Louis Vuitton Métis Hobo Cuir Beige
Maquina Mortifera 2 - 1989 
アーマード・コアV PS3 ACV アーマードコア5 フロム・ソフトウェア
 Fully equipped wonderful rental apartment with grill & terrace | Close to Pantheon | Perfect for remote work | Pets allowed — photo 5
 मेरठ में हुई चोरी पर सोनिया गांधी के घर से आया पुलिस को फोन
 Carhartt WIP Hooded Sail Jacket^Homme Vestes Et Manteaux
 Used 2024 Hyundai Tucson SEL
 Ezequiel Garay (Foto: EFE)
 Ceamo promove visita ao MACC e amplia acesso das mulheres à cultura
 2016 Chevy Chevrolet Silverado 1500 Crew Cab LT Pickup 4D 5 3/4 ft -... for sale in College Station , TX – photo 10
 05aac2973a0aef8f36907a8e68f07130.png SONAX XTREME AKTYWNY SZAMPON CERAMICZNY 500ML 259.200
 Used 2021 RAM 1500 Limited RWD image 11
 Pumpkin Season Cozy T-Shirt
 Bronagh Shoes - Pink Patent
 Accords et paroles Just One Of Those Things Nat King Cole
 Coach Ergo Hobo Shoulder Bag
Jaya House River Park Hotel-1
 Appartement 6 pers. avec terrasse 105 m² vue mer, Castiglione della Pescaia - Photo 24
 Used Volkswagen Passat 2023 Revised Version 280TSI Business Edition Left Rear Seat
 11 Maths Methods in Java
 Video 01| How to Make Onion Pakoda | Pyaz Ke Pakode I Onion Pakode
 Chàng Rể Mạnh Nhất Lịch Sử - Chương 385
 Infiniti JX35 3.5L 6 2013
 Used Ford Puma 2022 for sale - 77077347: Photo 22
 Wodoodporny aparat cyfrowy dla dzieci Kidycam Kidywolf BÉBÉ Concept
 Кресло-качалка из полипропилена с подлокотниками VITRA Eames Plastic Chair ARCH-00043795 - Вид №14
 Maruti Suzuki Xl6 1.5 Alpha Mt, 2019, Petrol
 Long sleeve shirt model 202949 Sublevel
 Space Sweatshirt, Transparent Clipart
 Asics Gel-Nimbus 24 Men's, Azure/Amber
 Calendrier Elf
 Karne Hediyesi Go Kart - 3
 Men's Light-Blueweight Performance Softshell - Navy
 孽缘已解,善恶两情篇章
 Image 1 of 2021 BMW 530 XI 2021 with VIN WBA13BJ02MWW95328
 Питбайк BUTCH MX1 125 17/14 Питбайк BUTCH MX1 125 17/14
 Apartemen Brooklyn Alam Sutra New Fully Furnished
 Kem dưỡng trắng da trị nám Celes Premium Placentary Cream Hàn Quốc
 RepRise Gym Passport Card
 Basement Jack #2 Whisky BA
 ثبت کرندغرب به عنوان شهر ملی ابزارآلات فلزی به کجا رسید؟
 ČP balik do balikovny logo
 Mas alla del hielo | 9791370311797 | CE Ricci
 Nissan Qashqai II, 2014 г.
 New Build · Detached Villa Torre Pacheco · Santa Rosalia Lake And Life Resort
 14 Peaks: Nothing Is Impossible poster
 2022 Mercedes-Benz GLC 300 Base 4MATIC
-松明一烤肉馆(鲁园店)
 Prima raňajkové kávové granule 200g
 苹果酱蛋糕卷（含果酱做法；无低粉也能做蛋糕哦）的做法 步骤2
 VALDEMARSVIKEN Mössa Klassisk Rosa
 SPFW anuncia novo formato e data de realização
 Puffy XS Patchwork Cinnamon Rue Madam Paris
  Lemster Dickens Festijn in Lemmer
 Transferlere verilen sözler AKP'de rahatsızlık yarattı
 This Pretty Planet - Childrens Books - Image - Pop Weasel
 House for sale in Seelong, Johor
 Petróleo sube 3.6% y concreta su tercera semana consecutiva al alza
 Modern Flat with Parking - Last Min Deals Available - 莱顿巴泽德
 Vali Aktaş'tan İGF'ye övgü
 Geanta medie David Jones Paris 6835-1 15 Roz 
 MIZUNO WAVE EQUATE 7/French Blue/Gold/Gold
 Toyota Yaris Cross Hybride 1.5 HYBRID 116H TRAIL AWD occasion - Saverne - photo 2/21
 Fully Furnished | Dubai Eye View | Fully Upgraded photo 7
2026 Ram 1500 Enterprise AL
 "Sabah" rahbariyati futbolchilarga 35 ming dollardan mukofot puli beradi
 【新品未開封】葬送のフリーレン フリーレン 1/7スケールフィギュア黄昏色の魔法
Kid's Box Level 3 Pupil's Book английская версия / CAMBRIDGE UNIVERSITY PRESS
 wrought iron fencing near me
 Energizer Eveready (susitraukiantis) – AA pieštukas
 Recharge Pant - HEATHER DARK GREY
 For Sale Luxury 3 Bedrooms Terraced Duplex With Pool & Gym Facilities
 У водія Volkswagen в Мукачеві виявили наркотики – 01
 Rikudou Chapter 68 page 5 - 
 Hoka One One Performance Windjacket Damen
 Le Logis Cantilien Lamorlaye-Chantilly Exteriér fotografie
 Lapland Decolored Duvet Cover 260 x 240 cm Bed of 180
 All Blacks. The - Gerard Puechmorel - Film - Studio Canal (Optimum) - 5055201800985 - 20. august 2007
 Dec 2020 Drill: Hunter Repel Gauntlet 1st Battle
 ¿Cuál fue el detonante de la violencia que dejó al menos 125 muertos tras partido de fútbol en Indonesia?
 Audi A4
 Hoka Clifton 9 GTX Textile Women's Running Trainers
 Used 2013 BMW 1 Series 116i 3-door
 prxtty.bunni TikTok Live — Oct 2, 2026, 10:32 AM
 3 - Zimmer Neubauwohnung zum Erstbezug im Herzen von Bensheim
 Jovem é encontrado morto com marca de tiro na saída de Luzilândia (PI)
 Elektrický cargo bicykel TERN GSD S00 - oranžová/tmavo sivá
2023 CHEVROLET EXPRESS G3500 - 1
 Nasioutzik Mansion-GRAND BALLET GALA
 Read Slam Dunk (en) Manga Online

━━━━━━━━━━━━━━━━━━━━

Each record is to be retyped exactly as written.

Louis Vuitton Métis Hobo Cuir Beige
Maquina Mortifera 2 - 1989 
アーマード・コアV PS3 ACV アーマードコア5 フロム・ソフトウェア
 Fully equipped wonderful rental apartment with grill & terrace | Close to Pantheon | Perfect for remote work | Pets allowed — photo 5
 मेरठ में हुई चोरी पर सोनिया गांधी के घर से आया पुलिस को फोन
 Carhartt WIP Hooded Sail Jacket^Homme Vestes Et Manteaux
 Used 2024 Hyundai Tucson SEL
 Ezequiel Garay (Foto: EFE)
 Ceamo promove visita ao MACC e amplia acesso das mulheres à cultura
 2016 Chevy Chevrolet Silverado 1500 Crew Cab LT Pickup 4D 5 3/4 ft -... for sale in College Station , TX – photo 10
 05aac2973a0aef8f36907a8e68f07130.png SONAX XTREME AKTYWNY SZAMPON CERAMICZNY 500ML 259.200
 Used 2021 RAM 1500 Limited RWD image 11
 Pumpkin Season Cozy T-Shirt
 Bronagh Shoes - Pink Patent
 Accords et paroles Just One Of Those Things Nat King Cole
 Coach Ergo Hobo Shoulder Bag
Jaya House River Park Hotel-1
 Appartement 6 pers. avec terrasse 105 m² vue mer, Castiglione della Pescaia - Photo 24
 Used Volkswagen Passat 2023 Revised Version 280TSI Business Edition Left Rear Seat
 11 Maths Methods in Java
 Video 01| How to Make Onion Pakoda | Pyaz Ke Pakode I Onion Pakode
 Chàng Rể Mạnh Nhất Lịch Sử - Chương 385
 Infiniti JX35 3.5L 6 2013
 Used Ford Puma 2022 for sale - 77077347: Photo 22
 Wodoodporny aparat cyfrowy dla dzieci Kidycam Kidywolf BÉBÉ Concept
 Кресло-качалка из полипропилена с подлокотниками VITRA Eames Plastic Chair ARCH-00043795 - Вид №14
 Maruti Suzuki Xl6 1.5 Alpha Mt, 2019, Petrol
 Long sleeve shirt model 202949 Sublevel
 Space Sweatshirt, Transparent Clipart
 Asics Gel-Nimbus 24 Men's, Azure/Amber
 Calendrier Elf
 Karne Hediyesi Go Kart - 3
 Men's Light-Blueweight Performance Softshell - Navy
 孽缘已解,善恶两情篇章
 Image 1 of 2021 BMW 530 XI 2021 with VIN WBA13BJ02MWW95328
 Питбайк BUTCH MX1 125 17/14 Питбайк BUTCH MX1 125 17/14
 Apartemen Brooklyn Alam Sutra New Fully Furnished
 Kem dưỡng trắng da trị nám Celes Premium Placentary Cream Hàn Quốc
 RepRise Gym Passport Card
 Basement Jack #2 Whisky BA
 ثبت کرندغرب به عنوان شهر ملی ابزارآلات فلزی به کجا رسید؟
 ČP balik do balikovny logo
 Mas alla del hielo | 9791370311797 | CE Ricci
 Nissan Qashqai II, 2014 г.
 New Build · Detached Villa Torre Pacheco · Santa Rosalia Lake And Life Resort
 14 Peaks: Nothing Is Impossible poster
 2022 Mercedes-Benz GLC 300 Base 4MATIC
-松明一烤肉馆(鲁园店)
 Prima raňajkové kávové granule 200g
 苹果酱蛋糕卷（含果酱做法；无低粉也能做蛋糕哦）的做法 步骤2
 VALDEMARSVIKEN Mössa Klassisk Rosa
 SPFW anuncia novo formato e data de realização
 Puffy XS Patchwork Cinnamon Rue Madam Paris
  Lemster Dickens Festijn in Lemmer
 Transferlere verilen sözler AKP'de rahatsızlık yarattı
 This Pretty Planet - Childrens Books - Image - Pop Weasel
 House for sale in Seelong, Johor
 Petróleo sube 3.6% y concreta su tercera semana consecutiva al alza
 Modern Flat with Parking - Last Min Deals Available - 莱顿巴泽德
 Vali Aktaş'tan İGF'ye övgü
 Geanta medie David Jones Paris 6835-1 15 Roz 
 MIZUNO WAVE EQUATE 7/French Blue/Gold/Gold
 Toyota Yaris Cross Hybride 1.5 HYBRID 116H TRAIL AWD occasion - Saverne - photo 2/21
 Fully Furnished | Dubai Eye View | Fully Upgraded photo 7
2026 Ram 1500 Enterprise AL
 "Sabah" rahbariyati futbolchilarga 35 ming dollardan mukofot puli beradi
 【新品未開封】葬送のフリーレン フリーレン 1/7スケールフィギュア黄昏色の魔法
Kid's Box Level 3 Pupil's Book английская версия / CAMBRIDGE UNIVERSITY PRESS
 wrought iron fencing near me
 Energizer Eveready (susitraukiantis) – AA pieštukas
 Recharge Pant - HEATHER DARK GREY
 For Sale Luxury 3 Bedrooms Terraced Duplex With Pool & Gym Facilities
 У водія Volkswagen в Мукачеві виявили наркотики – 01
 Rikudou Chapter 68 page 5 - 
 Hoka One One Performance Windjacket Damen
 Le Logis Cantilien Lamorlaye-Chantilly Exteriér fotografie
 Lapland Decolored Duvet Cover 260 x 240 cm Bed of 180
 All Blacks. The - Gerard Puechmorel - Film - Studio Canal (Optimum) - 5055201800985 - 20. august 2007
 Dec 2020 Drill: Hunter Repel Gauntlet 1st Battle
 ¿Cuál fue el detonante de la violencia que dejó al menos 125 muertos tras partido de fútbol en Indonesia?
 Audi A4
 Hoka Clifton 9 GTX Textile Women's Running Trainers
 Used 2013 BMW 1 Series 116i 3-door
 prxtty.bunni TikTok Live — Oct 2, 2026, 10:32 AM
 3 - Zimmer Neubauwohnung zum Erstbezug im Herzen von Bensheim
 Jovem é encontrado morto com marca de tiro na saída de Luzilândia (PI)
 Elektrický cargo bicykel TERN GSD S00 - oranžová/tmavo sivá
2023 CHEVROLET EXPRESS G3500 - 1
 Nasioutzik Mansion-GRAND BALLET GALA
 Read Slam Dunk (en) Manga Online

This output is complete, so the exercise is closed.